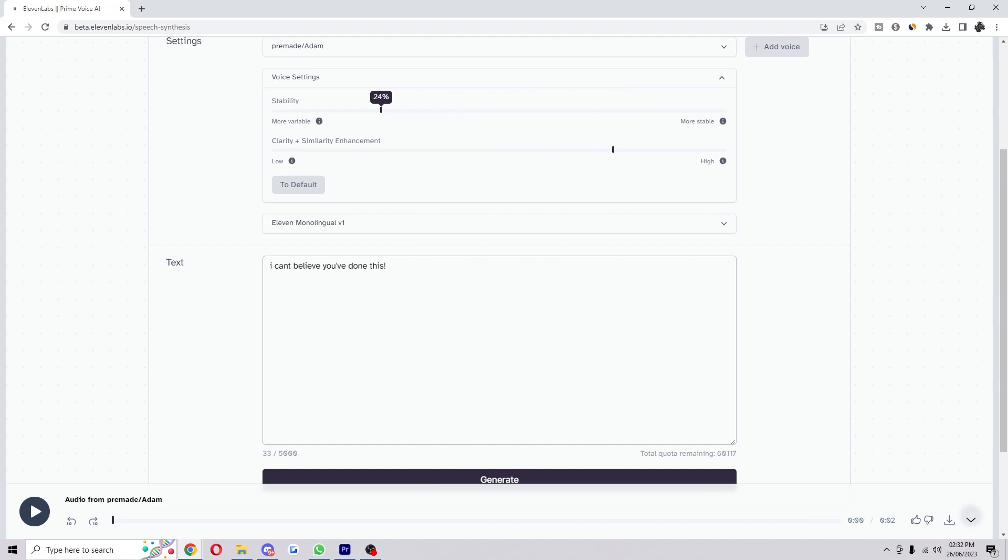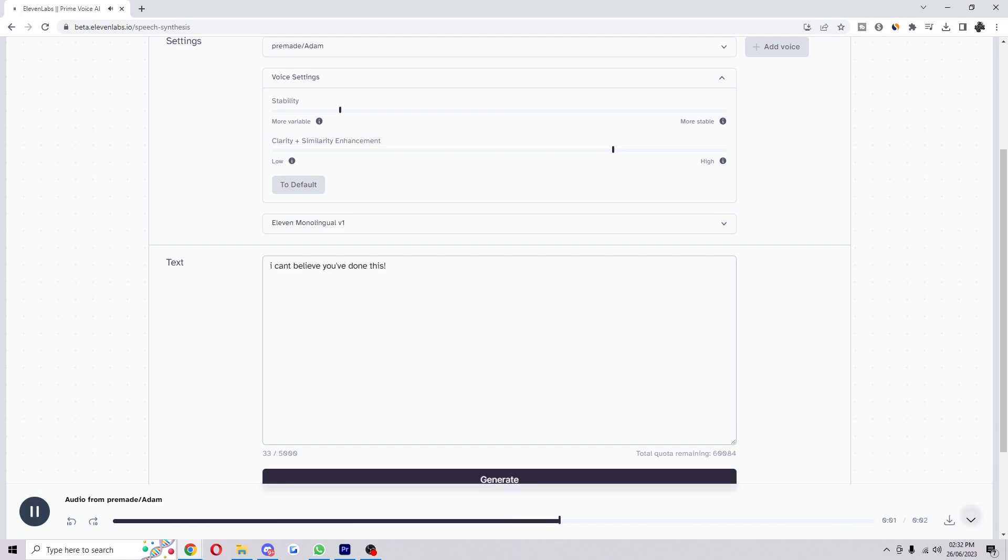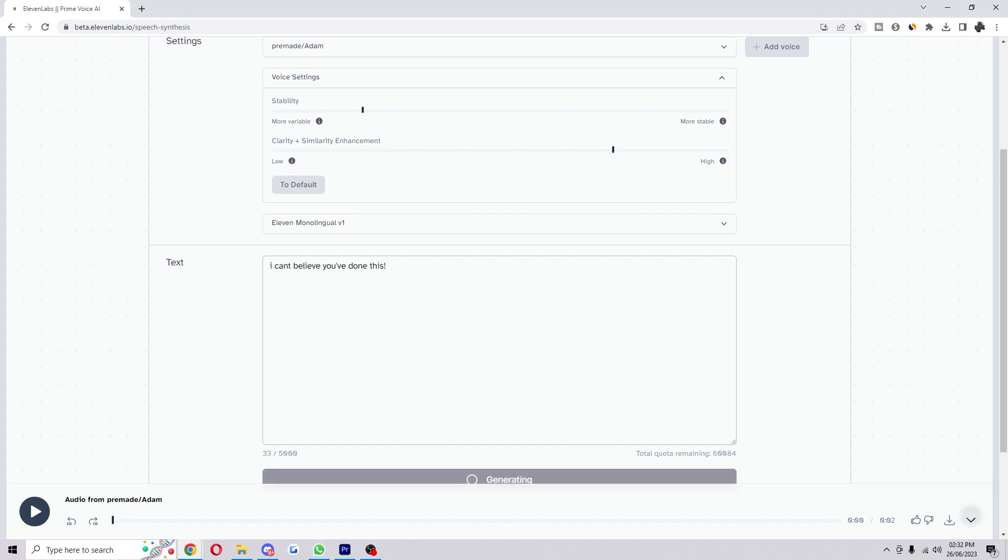What we can do is lower the stability to around 15%. I can't believe you've done this! As you can see, lowering the stability makes it sound a little bit crazy sometimes, but keep playing around with it to get what you want.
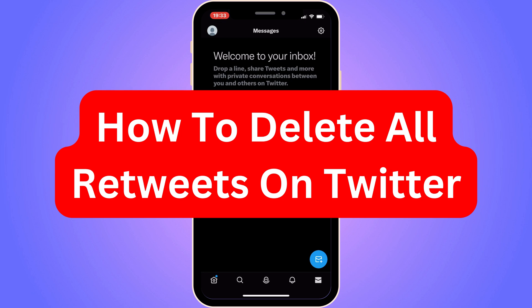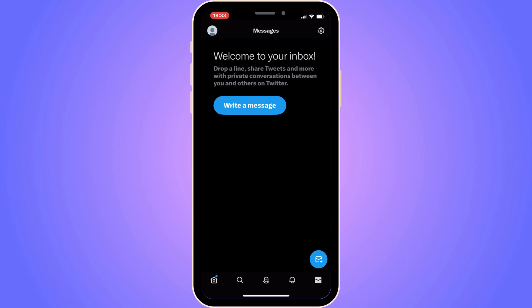Do you want to be able to delete all retweets on Twitter? Well then you have come to the perfect video, because in this video I'm going to show you step by step exactly how to do this. It is very important that you watch this video and follow along step by step for it to work.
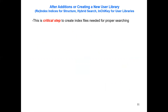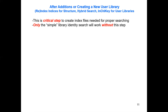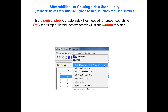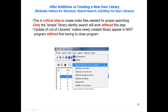I need to remind you: after you create a user library, a critical step is that you have to create index files to have these libraries properly searched. Only the simple library identity search will work without this step. Remember, go to the Tools option, pull it down and say 'Rebuild' — the structure index, the hybrid, the InChIKey, and if you added retention indices, those as well. Also, when you create a new library you need to say 'Update List of Libraries' so the program will know your library exists. If not, you'll have to exit the program, and every time it starts back up it looks for additional libraries that may have been added.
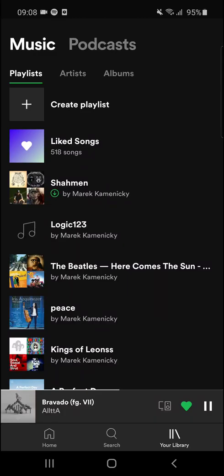Hey there guys, my name is Markus and in this video, I'm going to show you a simple way how you can loop or repeat music on Spotify. Let's start.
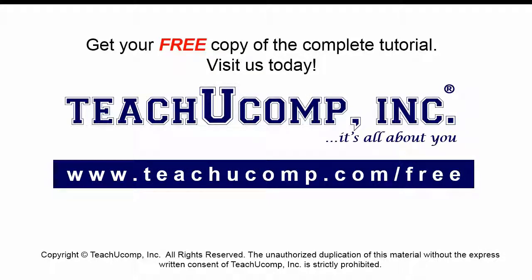Get your free copy of the complete tutorial at www.teachucomp.com/free.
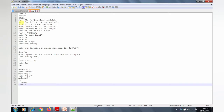All variables are prefixed with the dollar symbol in PHP. There are three variables declared here: A, B, and C. Variable A is assigned the numerical value 25 - this is a numerical variable. Variable B is assigned the string value 'hello' - this is a string variable. Variable C is assigned the value 5.7 - this is a float variable, because 5.7 is a floating point number.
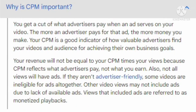The playback-based CPM equals $7 divided by 1500 monetized playbacks times 1000, or $4.67. Why is CPM important? You get a cut of what advertisers pay when an ad serves on your video — the more an advertiser pays for that ad, the more money you make. Your CPM is a good indicator of how valuable advertisers find your videos and audience for achieving their business goals. Your revenue will not equal your CPM times your views because CPM reflects what advertisers pay, not what you earn, and not all views will have ads.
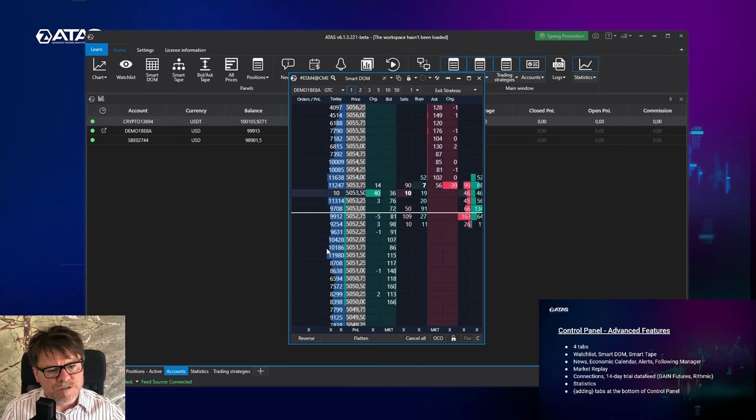Then we have smart tape here, which is T&S — times and sales. You see time, price, and the amount of contracts which were traded at each particular level. Another module is the bid-ask tape, which is a slightly adjusted times and sales window, because it's separated between bids and asks. We have a very useful article about this bid-ask tape module, so I highly recommend reading it. You will see the amounts of contracts traded at the bid side, at the spread, and at the ask side. This is really a beast — highly recommendable to use and get used to it.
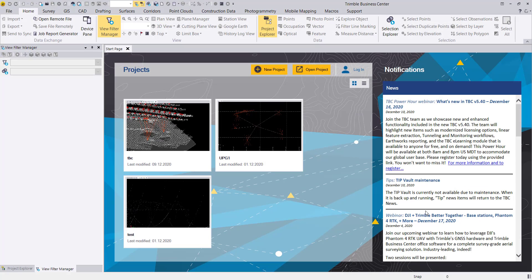Welcome to this video tutorial about Trimble Business Center and importing DJI data from the Phantom 4 into Trimble Business Center 5.4.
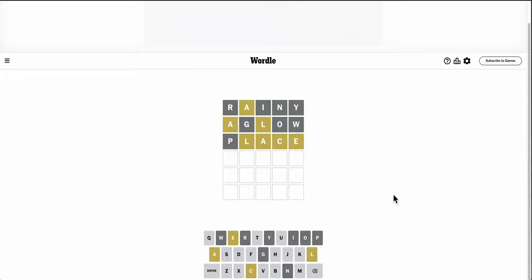Okay, A's not 1st, 2nd, or 3rd, but L-A-C-E are all in the word. Laser doesn't work because that reuses A in 2nd, which we know doesn't work. The only other thing that comes to mind is decal.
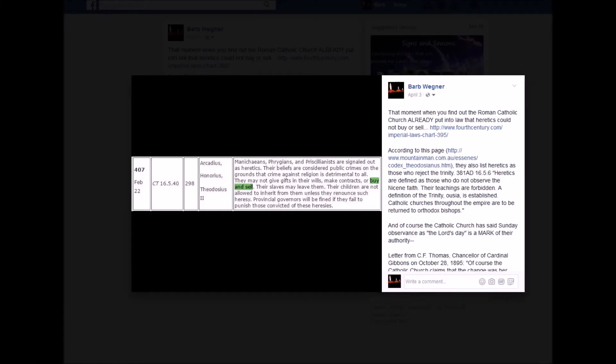I didn't really want to get into it too much there. I've done many videos on it in the past and it's very obvious to me now after studying the scripture that the mark of the beast is spiritual and not something necessarily physical.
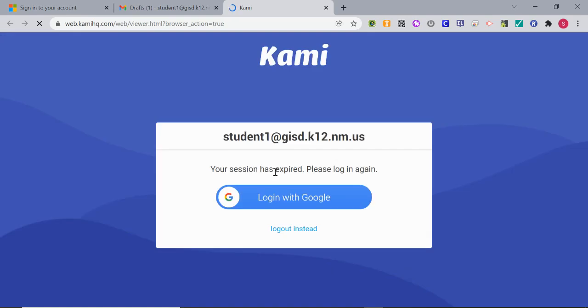Anytime you click that, it will log you into Kami. If it's your first time using Kami, you need to log in.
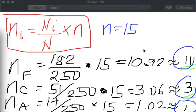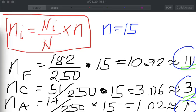The next step, once we have allocated proportionally, is to determine how to choose 11 from the 182 Filipinos, 3 from the Chinese, and 1 from the Americans to be part of the committee. You have the option to use either simple random sampling or stratified random sampling — it's up to you which technique to use after proportional allocation.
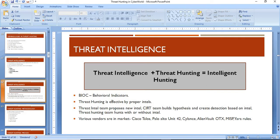In addition to indicators of compromise, there is another term known as behavioral indicators. Nowadays malwares and attackers are very intelligent — they know we use threat intel and try to bypass security devices using techniques like domain generation algorithms. To bypass static threat intel, we also need to focus on behavioral indicators.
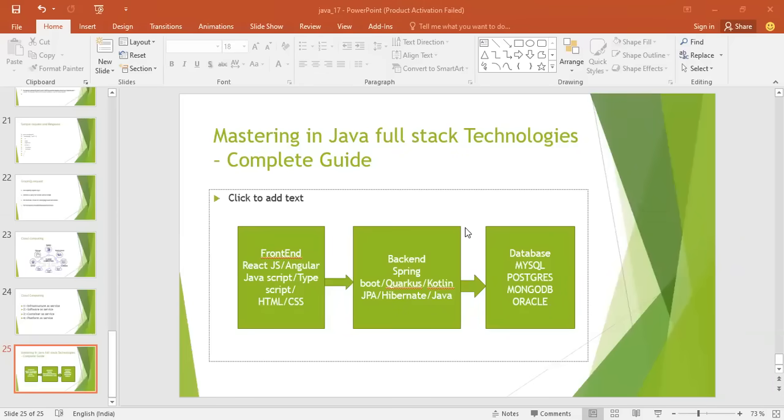Mastering Java full-stack technologies — this is a complete guide on what tools and technologies are required. There is a growing demand for Java full-stack and these are highly paid professions. There are front-end technologies, back-end technologies, and databases, so you need to have a good and sound knowledge of all three areas.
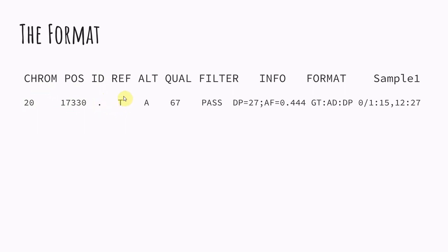So this is what the reference said. So it says it was a T at this position. Our data is saying that it's an A. So we had a quality score of 67. The filter was passed.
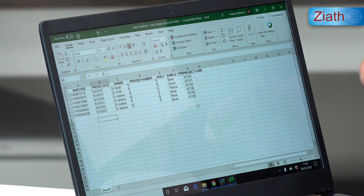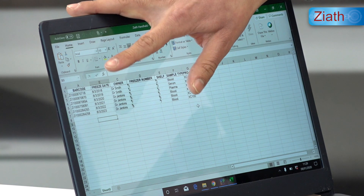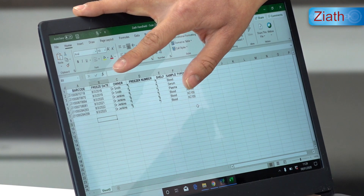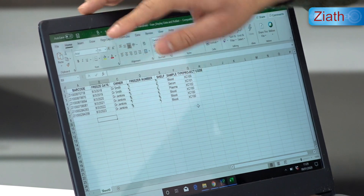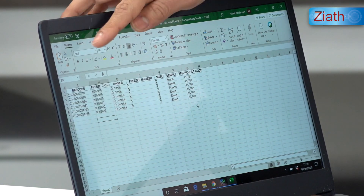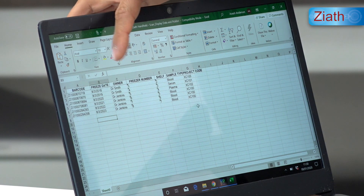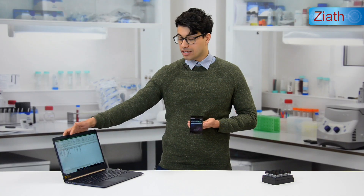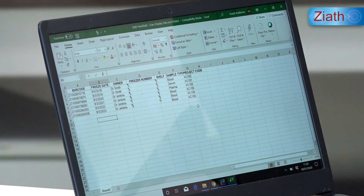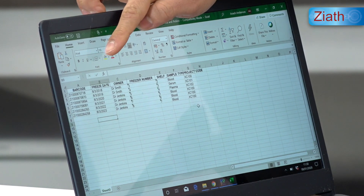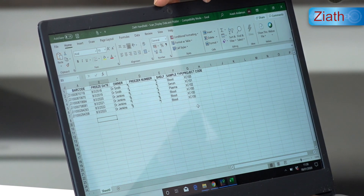This is the Excel file that I have placed onto the handheld device. You can see that the barcode is in column A — that is important and the barcode must always be placed in the first column, column A. There are some other columns which are all completely customizable and editable. Whatever is shown in the column headers in the Excel file will be displayed on the handheld.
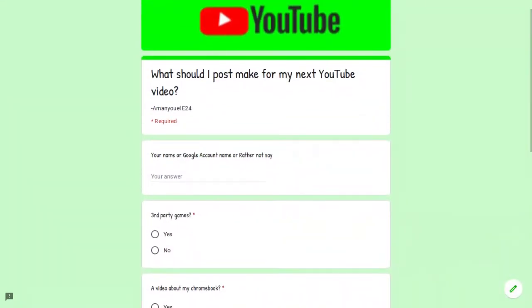You don't have to put your name here, but you can put your Google account name, your name, or if you don't want to and want to remain anonymous, just say rather not say. If you want, you can put your YouTube name.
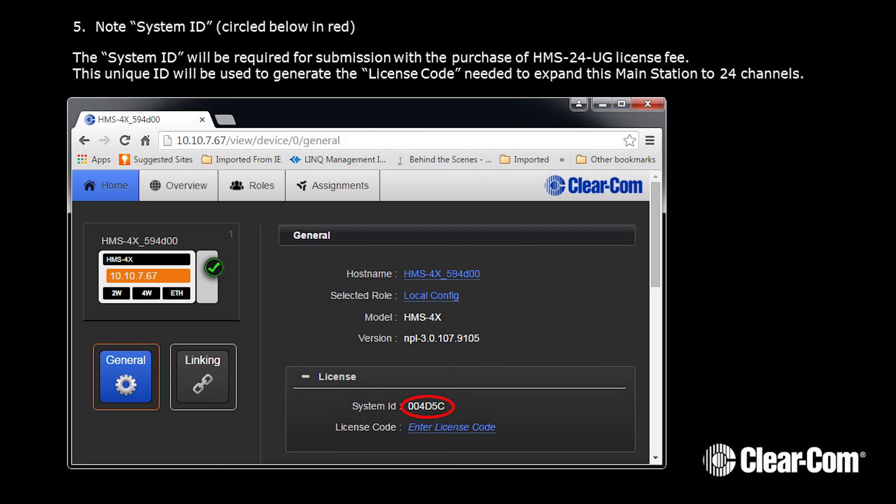This unique ID will be used to generate the license code needed to expand this Main Station to 24 channels. You can contact ClearCom for more information at www.clearcom.com.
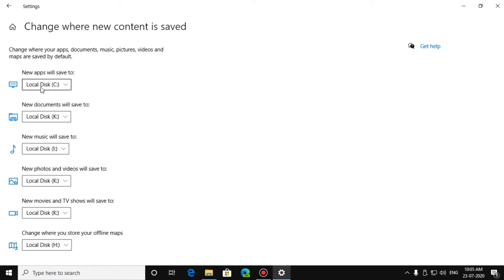New apps will save to your C drive, let it be in C drive. New documents, you can save it in any other drives, music, photos and videos, movies and TV shows.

§ **Directions**: Start with the first line of the records above and end with the line containing "Do you want". Output those lines exactly, pictures excluded.

§ **Finished task**:
What we can do is lower the stability to around 15%. I can't believe you've done this! As you can see, lowering the stability makes it sound a little bit crazy sometimes, but keep playing around with it to get what you want.
Do you want to be able to delete all retweets on Twitter? Well then you have come to the perfect video, because in this video I'm going to show you step by step exactly how to do this. It is very important that you watch this video and follow along step by step for it to work.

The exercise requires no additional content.